O Google aceitou pagar US$ 68 milhões (aproximadamente R$ 359 milhões) para encerrar uma disputa judicial sobre a privacidade de seus usuários. O processo alegava que o Google Assistente ouvia e gravava conversas particulares sem permissão. E usava esses áudios para calibrar propagandas direcionadas nos celulares.

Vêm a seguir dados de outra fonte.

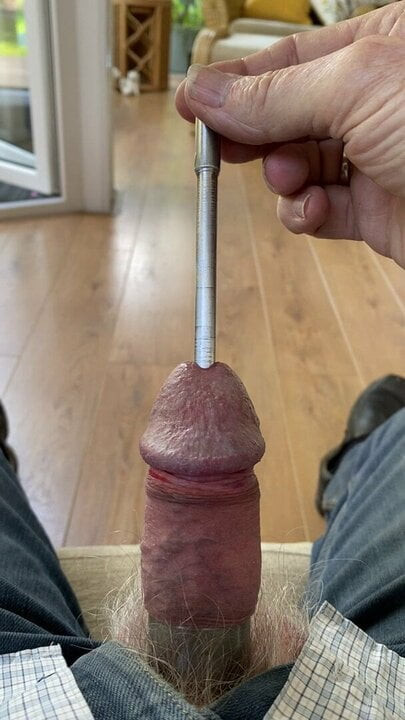 長いチンポが鳴る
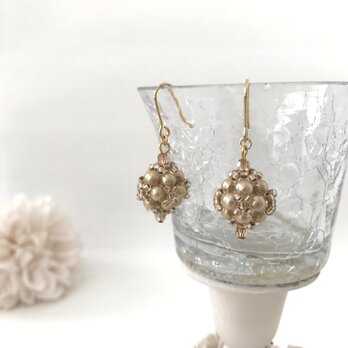 ビーズボール の クラシカル ピアス　シャンパン ゴールド ライトゴールド ベージュ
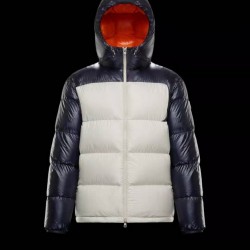 Moncler Latour Hooded Down Puffer Jacket Mens Down Coat Winter Outwear White Blue 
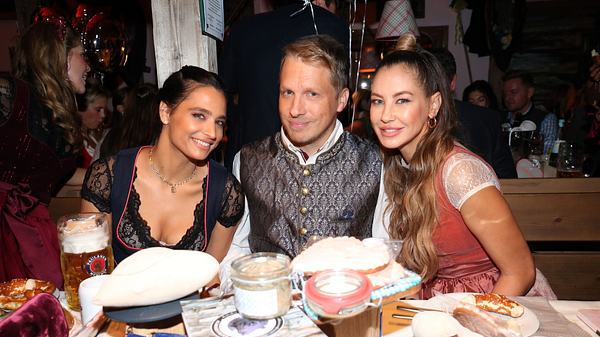 Oliver Pocher & Amira Pocher & Sandy Meyer-Wölden - Foto: Gisela Schober/Getty Images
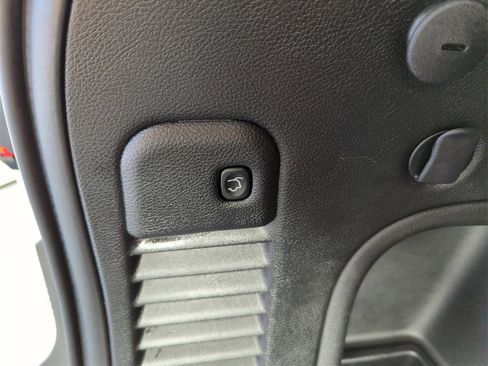 Used 2021 Jeep Grand Cherokee Laredo X image 29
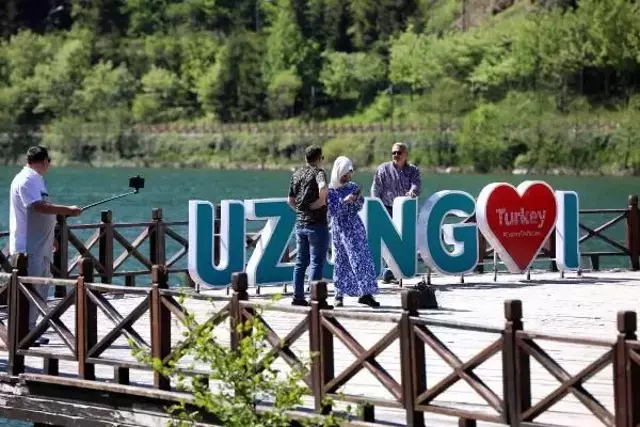 Uzungöl'e turist akını! Konaklayacak yer kalmadı, gelenler geri dönüyor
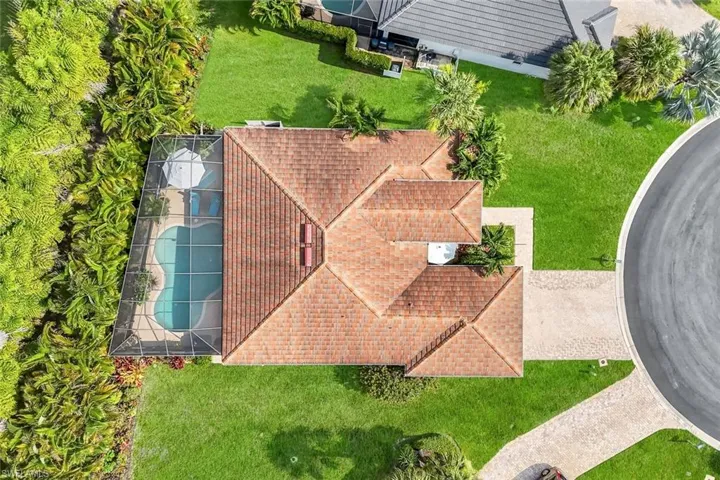 Tile roof replaced in 2019, great pool and Lanai space
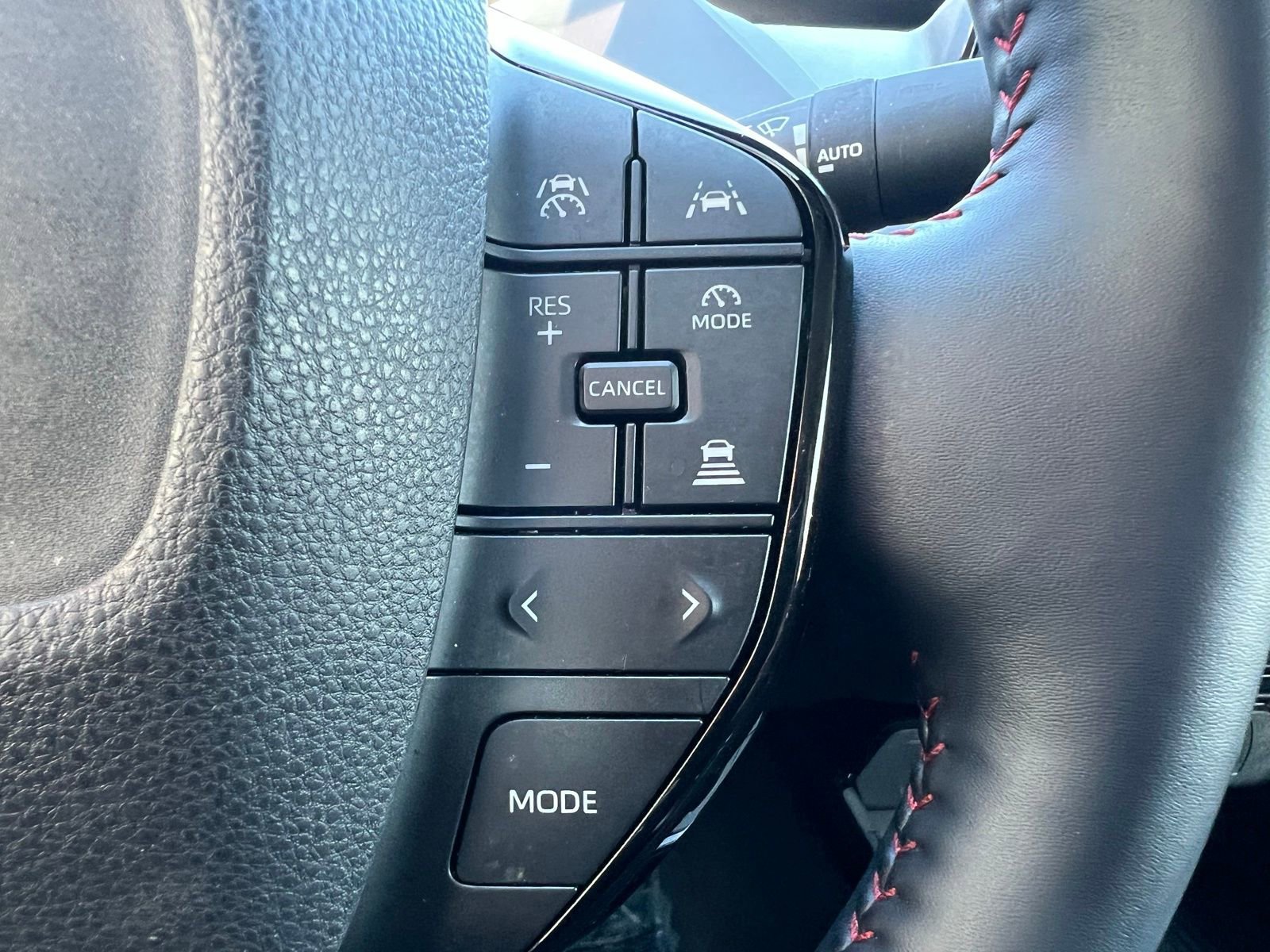 Used 2024 Toyota Prius Prime FWD image 29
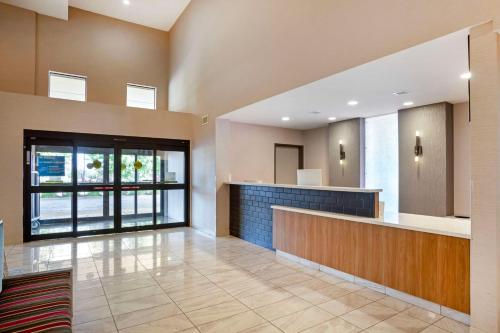 Best Western Plus Coalinga Inn - image 6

O acordo foi entregue a um tribunal na Califórnia, nos Estados Unidos, e ainda precisa da aprovação final de uma juíza. O problema central são as “falsas aceitações”, que ocorrem quando o aparelho entende errado um som e ativa o microfone achando que o usuário disse comandos como “Ok Google”.
Google nega ter espionado usuários, mas paga valor milionário para encerrar o caso
A acusação dizia que a empresa capturava conversas confidenciais de propósito e as passava para outras empresas sem o dono do celular saber. Essas gravações serviriam para descobrir do que a pessoa gosta e, assim, vender anúncios personalizados. O pagamento deve beneficiar quem comprou aparelhos da marca ou teve o microfone ativado erroneamente desde maio de 2016.
Mesmo pagando a multa, a Google não admitiu culpa. A empresa disse que não fez nada de errado e explicou que aceitou o acordo apenas para evitar gastos altos e a demora de um julgamento na Justiça. Para você ter ideia: do valor total, cerca de US$ 22,7 milhões (R$ 120 milhões) vão para os advogados que cuidaram do caso.
Situações assim têm se tornado comuns entre as grandes empresas de tecnologia. A Apple, por exemplo, pagou US$ 95 milhões (R$ 501 milhões) recentemente por uma queixa parecida em relação à Siri. Além disso, em 2025, o Google pagou US$ 1,4 bilhão (R$ 7,4 bilhões) ao Texas para encerrar outras brigas sobre o uso de dados privados.
(Essa matéria usou informações de BBC, The Guardian e Reuters.)